[EXTRACTED RECORDS Boundary: Start]
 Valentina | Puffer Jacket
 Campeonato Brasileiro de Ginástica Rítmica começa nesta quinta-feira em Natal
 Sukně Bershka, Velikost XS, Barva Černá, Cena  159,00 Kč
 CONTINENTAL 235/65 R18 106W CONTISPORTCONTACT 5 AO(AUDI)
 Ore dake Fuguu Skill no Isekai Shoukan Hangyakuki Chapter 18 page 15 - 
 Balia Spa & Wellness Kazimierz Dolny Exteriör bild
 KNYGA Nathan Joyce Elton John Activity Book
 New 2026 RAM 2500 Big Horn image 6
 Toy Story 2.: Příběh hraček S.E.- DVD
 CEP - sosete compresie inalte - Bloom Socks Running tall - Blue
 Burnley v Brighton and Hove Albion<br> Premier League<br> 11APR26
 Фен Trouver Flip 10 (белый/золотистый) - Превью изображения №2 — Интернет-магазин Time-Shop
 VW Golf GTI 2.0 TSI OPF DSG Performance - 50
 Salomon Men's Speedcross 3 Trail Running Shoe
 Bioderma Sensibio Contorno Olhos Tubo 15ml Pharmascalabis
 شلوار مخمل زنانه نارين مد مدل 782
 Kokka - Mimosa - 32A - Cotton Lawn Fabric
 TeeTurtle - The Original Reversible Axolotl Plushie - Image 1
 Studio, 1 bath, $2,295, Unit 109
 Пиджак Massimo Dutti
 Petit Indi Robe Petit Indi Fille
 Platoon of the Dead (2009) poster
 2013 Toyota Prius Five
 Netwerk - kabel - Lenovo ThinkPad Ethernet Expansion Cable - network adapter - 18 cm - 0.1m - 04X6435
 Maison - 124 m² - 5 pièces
[EXTRACTED RECORDS Boundary: End]
INSTRUCTIONS TO FOLLOW
Please copy each line of the records above that holds the word "Running".

EXPECTED ANSWER
 CEP - sosete compresie inalte - Bloom Socks Running tall - Blue
 Salomon Men's Speedcross 3 Trail Running Shoe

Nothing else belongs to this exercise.